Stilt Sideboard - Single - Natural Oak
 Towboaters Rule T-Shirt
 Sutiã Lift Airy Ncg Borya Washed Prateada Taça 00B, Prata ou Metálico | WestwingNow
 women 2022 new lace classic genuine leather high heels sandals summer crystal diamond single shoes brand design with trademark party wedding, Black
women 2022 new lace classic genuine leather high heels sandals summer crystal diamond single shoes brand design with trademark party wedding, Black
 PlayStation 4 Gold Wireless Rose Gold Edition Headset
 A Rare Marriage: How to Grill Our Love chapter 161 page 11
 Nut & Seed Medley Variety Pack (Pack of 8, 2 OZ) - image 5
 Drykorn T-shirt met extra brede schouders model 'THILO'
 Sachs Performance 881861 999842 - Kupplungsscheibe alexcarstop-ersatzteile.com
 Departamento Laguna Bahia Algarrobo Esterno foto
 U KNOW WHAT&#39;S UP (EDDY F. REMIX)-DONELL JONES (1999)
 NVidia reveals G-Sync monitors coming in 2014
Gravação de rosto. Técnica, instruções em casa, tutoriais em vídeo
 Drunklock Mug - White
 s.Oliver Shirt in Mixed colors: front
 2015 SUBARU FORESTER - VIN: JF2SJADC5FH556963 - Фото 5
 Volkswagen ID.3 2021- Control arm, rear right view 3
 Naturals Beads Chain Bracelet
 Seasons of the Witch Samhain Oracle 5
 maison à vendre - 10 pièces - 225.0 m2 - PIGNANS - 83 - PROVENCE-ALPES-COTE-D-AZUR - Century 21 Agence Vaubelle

•••

This exercise calls for every record above to be written out again exactly.

YOUR SOLUTION:
Stilt Sideboard - Single - Natural Oak
 Towboaters Rule T-Shirt
 Sutiã Lift Airy Ncg Borya Washed Prateada Taça 00B, Prata ou Metálico | WestwingNow
 women 2022 new lace classic genuine leather high heels sandals summer crystal diamond single shoes brand design with trademark party wedding, Black
women 2022 new lace classic genuine leather high heels sandals summer crystal diamond single shoes brand design with trademark party wedding, Black
 PlayStation 4 Gold Wireless Rose Gold Edition Headset
 A Rare Marriage: How to Grill Our Love chapter 161 page 11
 Nut & Seed Medley Variety Pack (Pack of 8, 2 OZ) - image 5
 Drykorn T-shirt met extra brede schouders model 'THILO'
 Sachs Performance 881861 999842 - Kupplungsscheibe alexcarstop-ersatzteile.com
 Departamento Laguna Bahia Algarrobo Esterno foto
 U KNOW WHAT&#39;S UP (EDDY F. REMIX)-DONELL JONES (1999)
 NVidia reveals G-Sync monitors coming in 2014
Gravação de rosto. Técnica, instruções em casa, tutoriais em vídeo
 Drunklock Mug - White
 s.Oliver Shirt in Mixed colors: front
 2015 SUBARU FORESTER - VIN: JF2SJADC5FH556963 - Фото 5
 Volkswagen ID.3 2021- Control arm, rear right view 3
 Naturals Beads Chain Bracelet
 Seasons of the Witch Samhain Oracle 5
 maison à vendre - 10 pièces - 225.0 m2 - PIGNANS - 83 - PROVENCE-ALPES-COTE-D-AZUR - Century 21 Agence Vaubelle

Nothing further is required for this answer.